Chrome OS, a month later

I'm happy with my Chromebook. But, it serves a very niche purpose and my expectations were quite low. I also bought a rather end (if year old or so) model.

Which brings me whether Chrome OS is there yet or not. And my answer is, no.

It absolutely has everything a certain subset of the market needs. But, the tradeoffs are generally only going to be worth it if you can't afford something better, or, if you're going on the high end, have money to burn.

If you feel you can't justify something better, but could afford it. Look elsewhere. Unless you know a Chromebook is what you need.

Here is the realization I came too. Chrome OS has added a lot of functionality. It has added Android apps to almost every somewhat recent model and some newer models can even run some Linux apps with some caveats. But, the performance is generally quite poor in those areas. Cheaper Celeron or ARM based devices MIGHT be able to handle single thread tasks in these areas.

In short, Chrome OS is still meant primarily for consuming the web and web apps.
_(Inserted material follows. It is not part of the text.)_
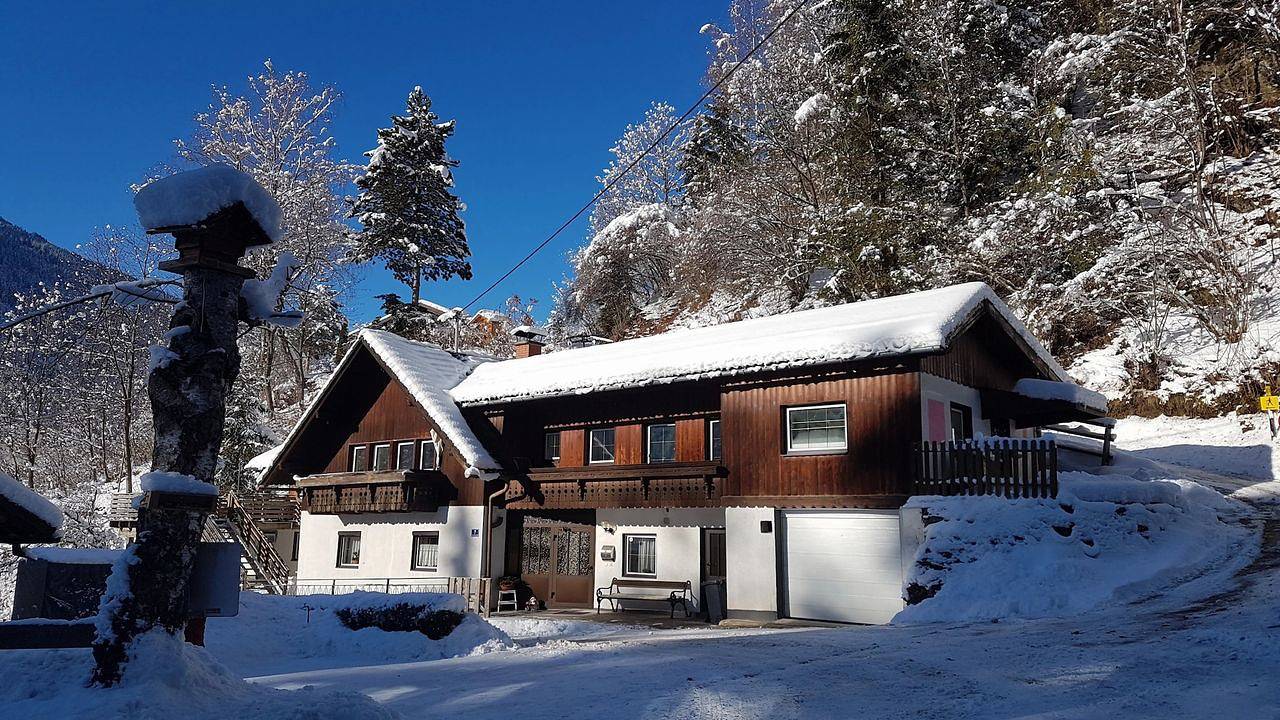 Ganze Ferienwohnung, Ferienwohnung für 4 Personen (45 m²) in Feld am See in Feld am See, Klagenfurt-Villach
While the performance in my Chromebook has improved over time, the troubling thing is that web apps are still laggier at times than on my other laptops, tablets, phones and desktops. And I never have more than 1-2 tabs open at once. My Chromebook has a quad core Core m3 processor and 4GB of RAM. I disabled all of my addons and things got better. But, it still runs slower on average on Chrome on my 3+ year Haswell laptop. Granted, that things is running a mobile i5 processor and not an M series. But, it is also running full Kubuntu and was previously running Windows 10.

And that is a problem. An OS purpose built for web browsing runs slower than the same browser running on another OS on similarly affordable hardware. The supposed power of Chrome OS is also it's crux. If Chrome on Chrome OS isn't the fastest browsing experience, and by a decent margin and the Android and Linux app experiences are sub par, then the devices need to be FAR cheaper. But they aren't. Let's face it. Web browsers exist on every OS and Chrome runs on many of them as well. If your emphasis is the web and web apps you have a wide army of competitors.

A side problem is, having Android app support actually tarnishes the experience. I installed Facebook and Twitter and they ran like garbage. They were janky and slow. Crashed frequently. I think, many users who want those services would turn around and return the laptop. But, if you realize the web first approach to Chrome OS, you'll just go to the web sites. And, then if you're even more in the know you'll create a shortcut. Then the experience will feel a lot more like an app. And the performance will be better. If there was no Android support, I would lean on web sites for things like Twitter and Facebook without a second thought. I'd also assume and maybe even search out a way to make shortcuts.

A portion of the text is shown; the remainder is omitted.